Une association en constante évolution
Depuis sa création il y a trente-sept ans, l’association ne s’est jamais reposée sur un modèle de fonctionnement acquis et immuable. Au contraire, elle a toujours cherché à s’adapter aux besoins d’une société en constante évolution et elle questionne en permanence son sens, sa population cible, les outils utilisés ou son périmètre d’intervention.
En particulier, elle a fondé son développement sur l’observation de ses bénéficiaires et sur l’adaptation la plus fine et la plus souple possible à leurs besoins. Sa longue expérience lui offre ainsi suffisamment de recul pour observer plusieurs évolutions. Celles-ci constituent des défis à relever dans les toutes prochaines années pour une amélioration continue et active de sa méthode pédagogique : l’adaptation au raccourcissement des séjours hospitaliers, l’accompagnement des enfants souffrants de troubles dys (troubles d’apprentissages cognitifs) dont le nombre croît d’année en année, et la communication avec les enfants atteints de grands handicaps.

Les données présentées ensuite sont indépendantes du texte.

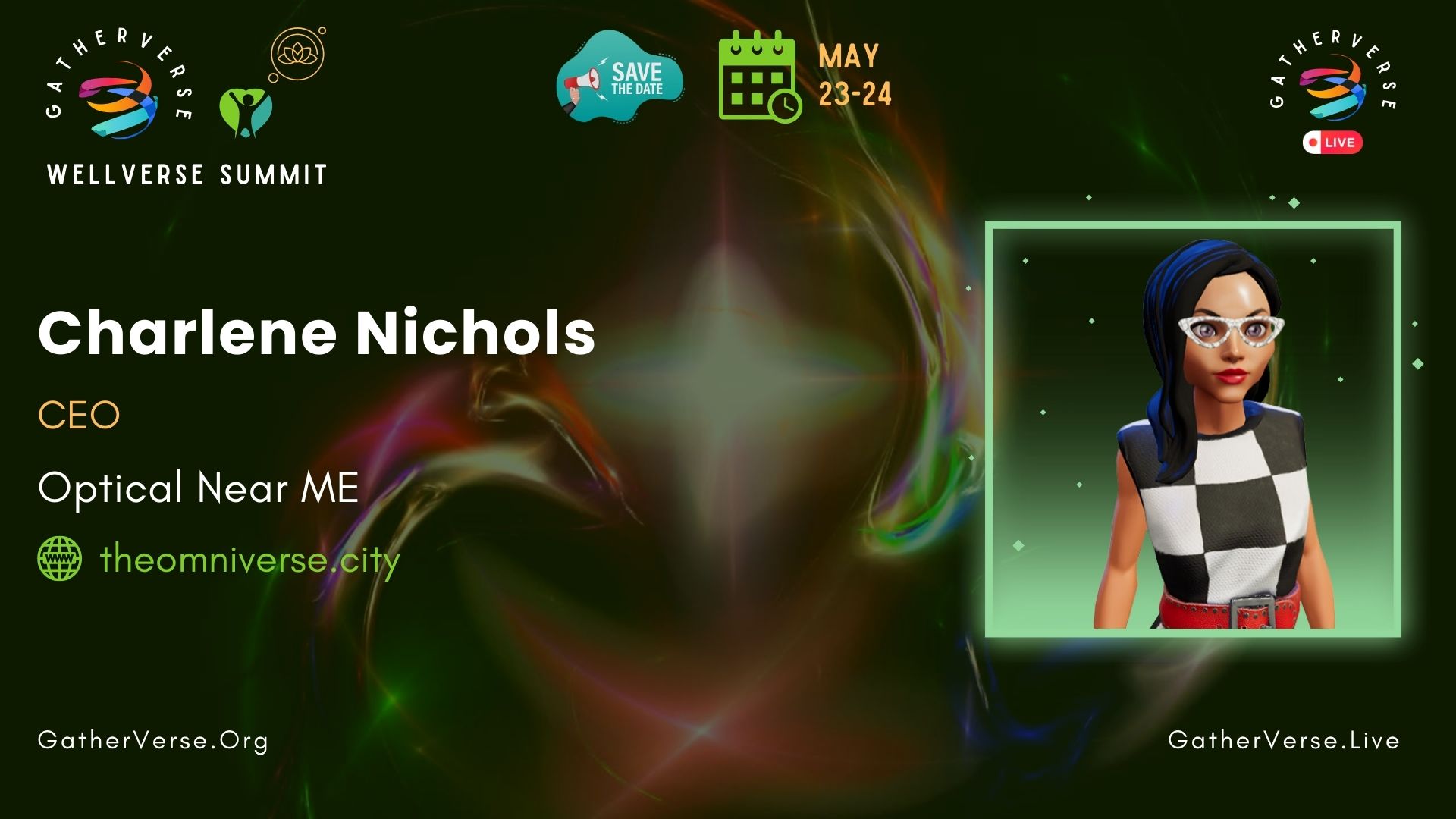 Charlene Nichols - GatherVerse WellVerse Summit - Speaker Card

Kolibri : une plateforme interactive
Aux débuts de l’association, le logiciel outil, Kanari, ne possédait que très peu de fonctionnalités. En 2005, un nouvel outil a été développé en interne : Kolibri qui permet d’éditer des carnets de bord avec images, vidéos, d’établir une communication entre les enfants et les voyageurs par messagerie, ainsi que de créer des quizz directement sur la plateforme. En 2019, face à la lenteur de Kolibri, l’association s’est lancée dans la refonte complète de l’outil avec l’aide en partie en mécénat de compétences de l’entreprise digitale Tymate.

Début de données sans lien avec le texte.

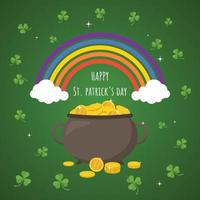 Happy St patricks day cartoon pot or cauldron of gold coins vector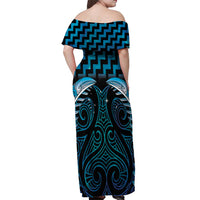 Blue Matariki New Zealand Off Shoulder Maxi Dress Maori Poutama Galaxy Vibes LT14 - Polynesian Pride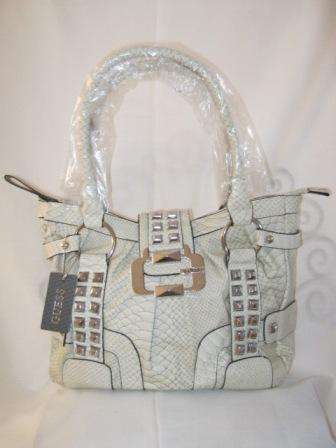 GUESS HANDBAG MOCH CROC BEIGE(LARGE)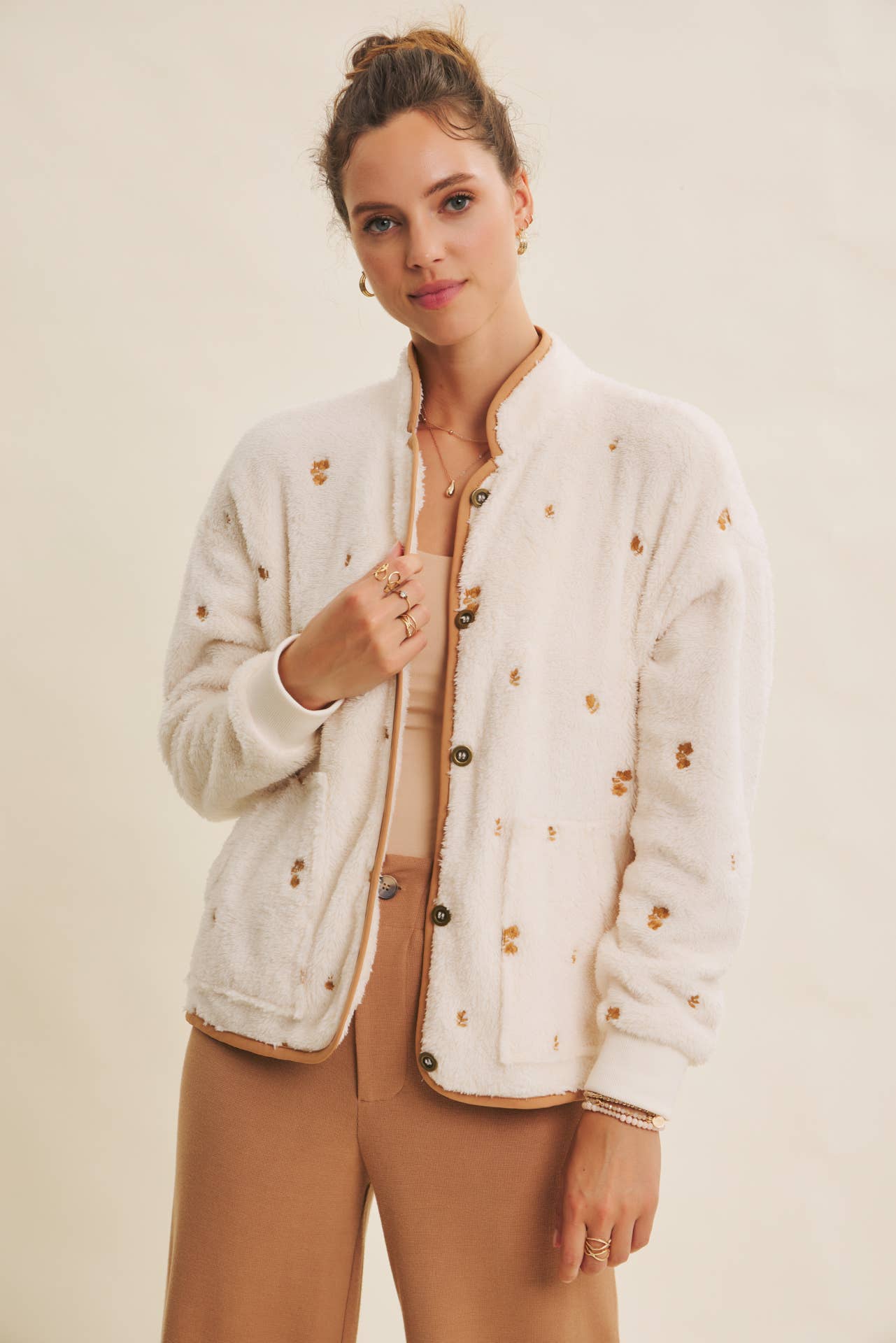 Lola Embroidered  Fleece Jacket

Un long travail avec des anciens animateurs et des anciens voyageurs a permis d’établir le nouveau cahier des charges du logiciel. Ce travail de remise à niveau permanent, certes coûteux en temps et en argent, est indispensable pour que l’association continue d’attirer les voyageurs et facilite le travail des animateurs au quotidien. Depuis 2019, la gestion de Kolibri a été aussi confiée à Tymate : elle est désormais entre les mains expertes de cette agence de développement web, qui adapte le site aux attentes des jeunes suivant un cahier des charges que l’association lui transmet. Le mécénat de compétences permet à l’association de réaliser ces évolutions à moindre coût.
Les quatre-vingt-un ateliers de l’association à travers la France
L’association est présente dans de nombreuses régions et est gérée par des délégations régionales : Paris intra-muros, Île-de-France, Côte d’Or, Occitanie, Provence-Alpes-Côte d’Azur, Hauts-de-France, Grand Est et Loire, Limousin. Chaque délégation est en contact direct avec les centres de son territoire et s’interroge sur la pertinence des ateliers. Ces réflexions conduisent le plus souvent à la reconduction et à la création d’ateliers, et parfois à leur fermeture, selon les besoins des enfants. La particularité de l’association est de privilégier les lieux difficiles d’accès dans lesquels peu d’associations interviennent, et où l’isolement géographique s’ajoute à l’isolement causé par la maladie ou le handicap.
Une journée type en période de formation humaine civile
Chaque jour, les animateurs se rendent dans les différents établissements. En arrivant, ils font un point avec l’enseignant de la classe ou l’équipe médicale pour définir le programme de l’atelier. Les ateliers durent entre 45 min et 1 h.
L’atelier démarre par la lecture du carnet de voyage de la semaine par les enfants. Des activités sont organisées en lien avec le contenu du carnet : atelier de cuisine, suivi sur une mappemonde, recherche sur des instruments de musique locaux… Chaque semaine, les enfants découvrent les réponses aux questions posées aux voyageurs lors de l’atelier précédent. Certains ateliers revêtent une importance particulière : les visites de départ et de retour des voyageurs suivis. Lors de ces visites, les voyageurs interagissent directement en présentiel avec les enfants. Ils montrent le contenu de leurs bagages avant leur départ, racontent des anecdotes sur leur voyage à leur retour, expliquent comment les interactions avec les enfants ont influencé leur voyage. Ce sont des moments très riches durant lesquels les enfants se sentent privilégiés.
« Les six mois passés à L’enfant@l’hôpital sont riches d’enseignement pour les élèves de Polytechnique. »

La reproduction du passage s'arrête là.